Gefahren des Digitalzeitalters

Die Verfügbarkeit von Information über ein mögliches Erdbeben bedeutet noch lange nicht, dass in der Bevölkerung ein Lerneffekt entsteht. Entsprechendes Training sei sinnvoll. "An der erdbebengefährdeten US-Westküste gibt es an den Schulen Vorbereitungskurse", nennt Egner ein positives Beispiel.

Die beschleunigte Kommunikation der Gegenwart bedeute nicht zwangsläufig, dass die Lernfähigkeit der Gesellschaft verbessert wird. So wie das Unterlaufen der Machtstrukturen durch soziale Medien im Arabischen Frühling eine positive Erscheinung war, könnten sie im Katastrophenfall die effiziente Informationsweitergabe behindern.

Im digitalen Zeitalter verändern sich nicht nur die Bewältigungsstrategien bei Katastrophen, sondern auch die Bedrohungen selbst. Großflächige Ausfälle der Energie- und IT-Systeme zählen zu den neuen Szenarien. Jaro Krieger-Lamina vom Institut für Technikfolgen-Abschätzung der Österreichischen Akademie der Wissenschaften bereitet etwa ein Projekt vor, das die Gefahr eines "digitalen Stillstands" durch Stromausfälle, Cyberangriffe oder Naturkatastrophen beleuchten soll. "So gut wie alle Versorgungssysteme sind in irgendeiner Weise IT-gestützt - bis hin zur Wasserversorgung", sagt Krieger-Lamina. "Wie Menschen reagieren, wenn die Kommunikation gemeinsam mit Nahrungs- und Wasserversorgung ausfällt, kann man mangels ausreichender historischer Daten kaum vorhersagen."

Ein Worst Case wäre laut Krieger-Lamina ein Sonnensturm, der jenem des sogenannten Carrington-Ereignisses von 1859 gleicht. Der Energieimpuls bewirkte damals den Ausfall vieler Telegrafen-Stationen auf der Nordhalbkugel. Einige Telegrafenbeamte bekamen sogar einen Elektroschock. "Bei einem derartigen Ereignis würden heute die meisten Computer ausfallen", sagt der Technikfolgenabschätzer. 2012 gab es übrigens einen Sonnensturm ähnlicher Stärke. Glücklicherweise verpasste er die Erde.
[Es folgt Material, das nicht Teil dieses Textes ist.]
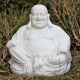 Dinova Oriental Laughing Buddha L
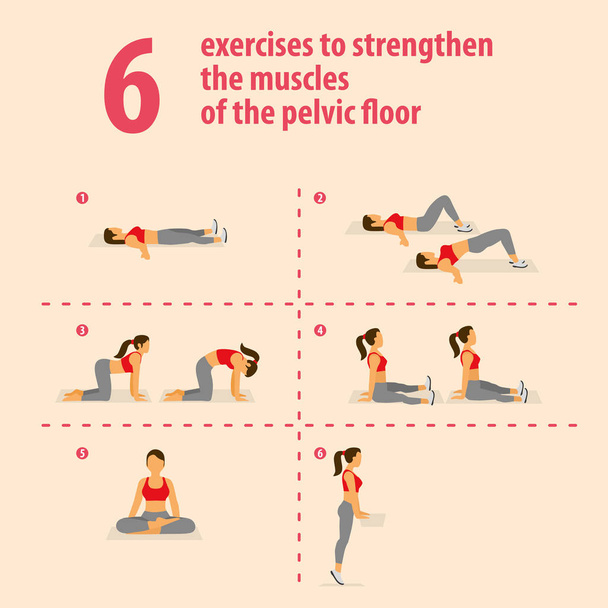 Exercises to strengthen the muscles of the pelvic floor. - Vector, Image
Die gesellschaftliche Abhängigkeit von Infrastrukturen ist nicht überall gleich. "Wenn die gewohnt sichere Stromversorgung in Österreich ausfällt, werden die Menschen anders reagieren als in einem Land, in dem Stromausfälle vielleicht zum Alltag gehören." Um eine Katastrophe abzumildern, sind redundante Systeme, großflächige Notfallpläne, die beispielsweise die Verteilung von Kraftstoff für Notgeneratoren regeln, und Aufklärungsarbeit im Vorhinein notwendig. "Ein paar einfache Dinge muss man wissen", sagt Krieger-Lamina, "etwa dass man bei einem Stromausfall Informationen über das Autoradio bekommen kann."

Unsicherheit akzeptieren

Der erste und wichtigste Schritt ist aber, Unsicherheit zu akzeptieren. Dann könne man Strategien finden, sie zu minimieren. Für Heike Egner verhindert gerade der Glaube, dass 100-prozentige Sicherheit möglich sei, einen sozialen Lernprozess. Sicherheit wird ausgelagert, der Tod tabuisiert. Man müsse auch lernen, statistische Wahrheiten zu verstehen.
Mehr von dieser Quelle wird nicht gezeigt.